Among the various sections of the population of Yanina, there are none who look forward to Greek annexation with more dread and bitterness than the Jews. Descendants, they claim to be, of a colony of Israelites who emigrated to Epirus even before the Christian era, some say as early as the second captivity. Equally removed by religious differences from Christian and from Moslem, they have had time during two thousand years to compare the

persecuting fanaticism of the former with the tolerance, however contemptuous, of the latter. The traditions of their sufferings under the rule of native despots and Byzantine emperors have been constantly revived by fierce outbursts of Christian fanaticism. It is only seven years ago that a Jew was torn to pieces in the streets of Yanina by the Greek mob; and a system of social ostracism was inaugurated under the auspices of the Greek clergy against the whole Jewish community, until the Turkish authorities were obliged to interfere and coerce the Christians into at least the outward observance of their own evangel. If such incidents are not calculated to enlist the sympathies of the Jews on behalf of Hellenic aspirations, there are also other causes which operate to make them view with repugnance any modification of the present state of things. There are many peculiarities connected with Turkish rule which appeal to the money-grubbing instincts of the Hebrew community. The impecuniousness of the Government, which furnishes opportunities for advancing loans at the most usurious rates of interest, the buying and selling of the tithes,

the constant fluctuations of a currency at the mercy of vizierial caprice, the very distress to which the country is reduced by the haphazard misrule of its governors, are so many circumstances which the Jew full well knows how to turn to the best account. Whether he consult his conscience or his pocket, he has no cause to wish for a change, but rather to bless the present system, which allows him to serve both God in peace and Mammon with profit.
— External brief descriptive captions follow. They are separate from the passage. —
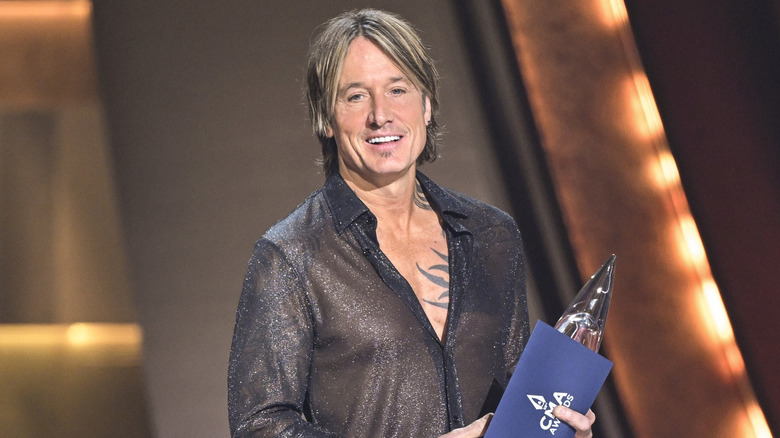 Keith Urban in a black see-through shirt and holding up a trophy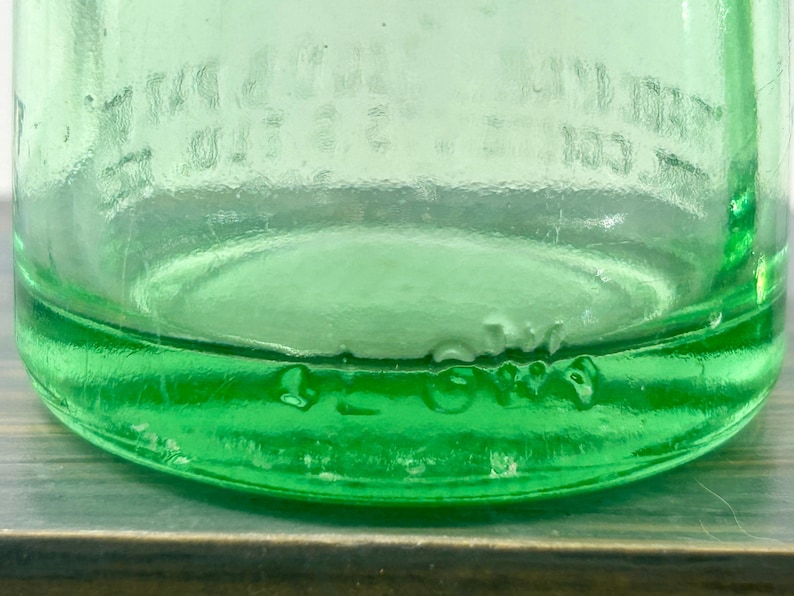 Close-up of an aqua bottle heel and base showing molded letters and small glass bubbles.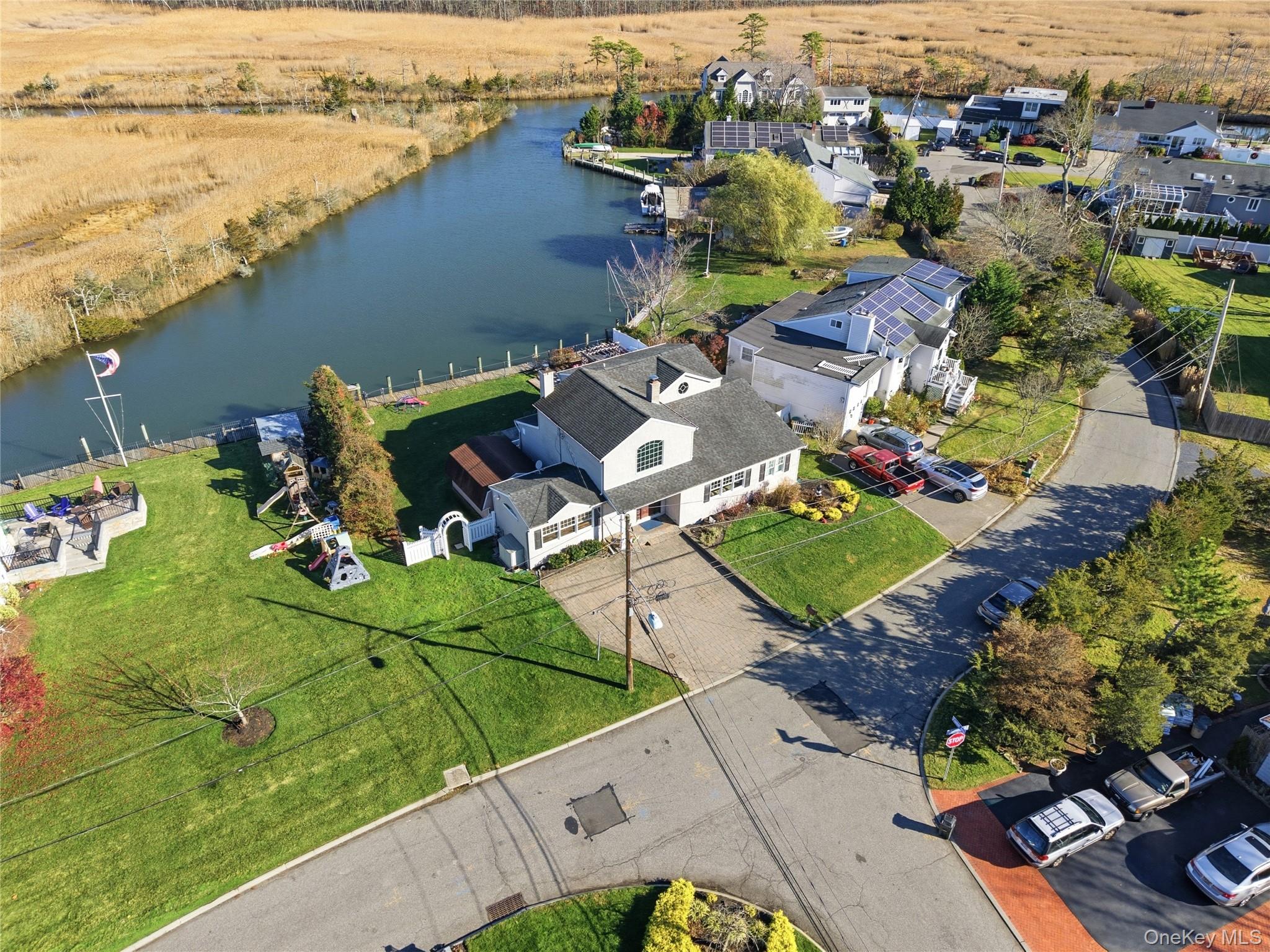 625 Edgewater Road Oakdale, NY 11769 - Photo 44 of 49 Aerial perspective of suburban area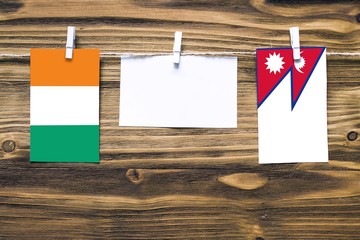 Hanging flags of Cote D'Ivoire and Nepal attached to rope with clothes pins with copy space on...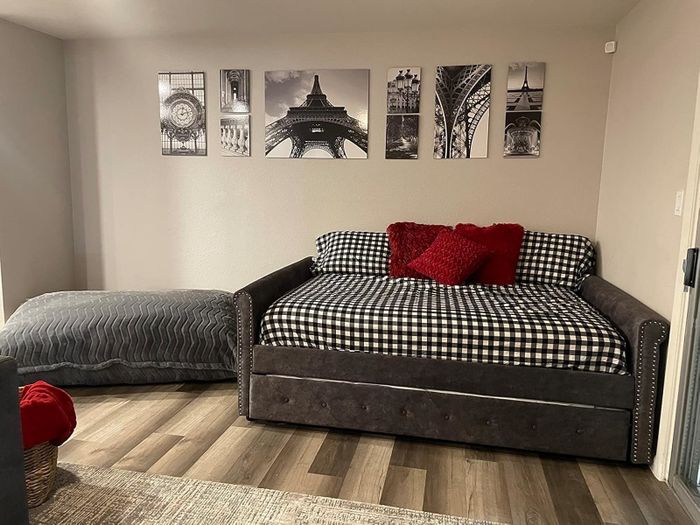 A modern living room featuring a plaid-upholstered daybed with red pillows and Paris-themed wall art that adds a chic vibe.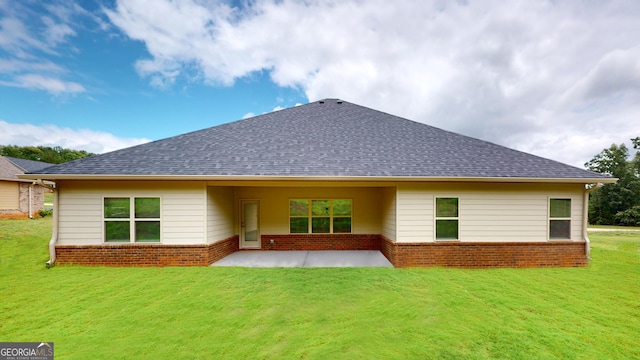 458 Southern Oaks Dr, Macon, GA 31216 - back of property with brick siding, a patio area, roof with shingles, and a yard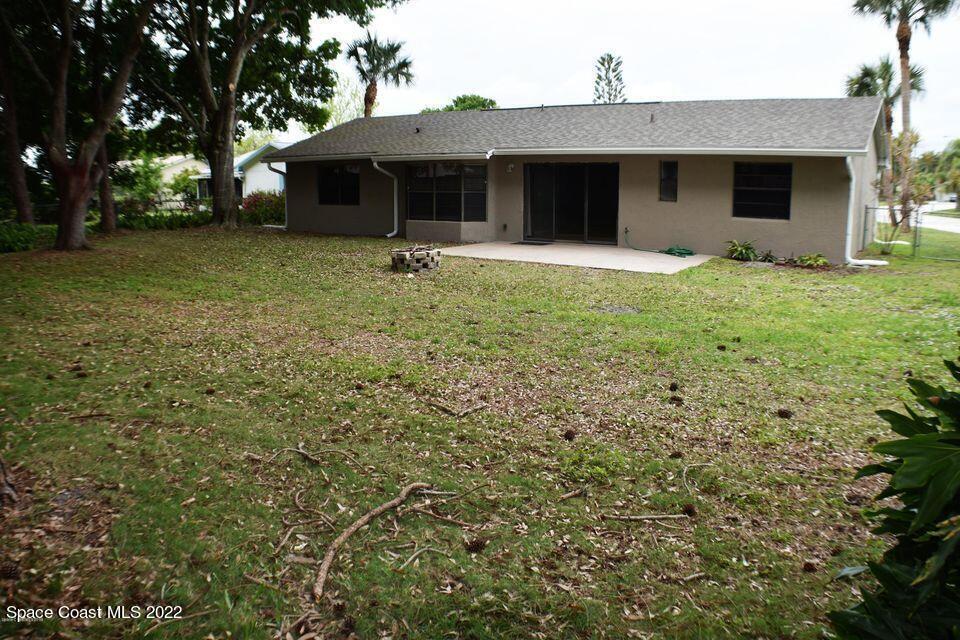 3335 Jay Tee Drive Melbourne, FL 32901 - Photo 27 of 37 a front view of house with yard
It is a relief to turn away from the bitterness of party spirit, and the jealousy and suspicion which convert the various communities of Yanina into so many hostile camps, to the calm and eternal beauty of its natural surroundings. Yanina no longer covers the same area as when Ali Pasha, a king in all but the name, adorned it with all the pomp of his barbaric court, and swore by his long white beard that his capital should equal Stamboul in magnificence as it already rivalled it in power. The massive castle which he built out into the lake is but a heap of shapeless ruins; no trace is to be seen of the splendid palace which astonished even Hobhouse and Byron; the gunboats which he brought

overland from Prevesa at the cost of untold labour and expense no longer darken the peaceful surface of the lake; the wall-like slopes of Mount Mytsekeli no longer re-echo the sounds of nocturnal revelry, or the wild shrieks of victims and of dupes committed to the safe keeping of the deep waters which slumber at its feet. But the town which has risen out of the ashes of Ali's capital still offers much to charm the eye and interest the mind; and, if the traveller wearies of the picturesque forms which animate its streets and quaint bazaars, he can pass out from its crowded thoroughfares to the gardens and groves which cluster on the neighbouring hillside, and watch the varied forms of hill and dale, the opposite precipices of Zagori, the gentle slopes of Drysco, the distant peaks of Pindus grow crimson under the embrace of the setting sun, and pale to ashen whiteness as the fickle luminary hurries away on his westward course.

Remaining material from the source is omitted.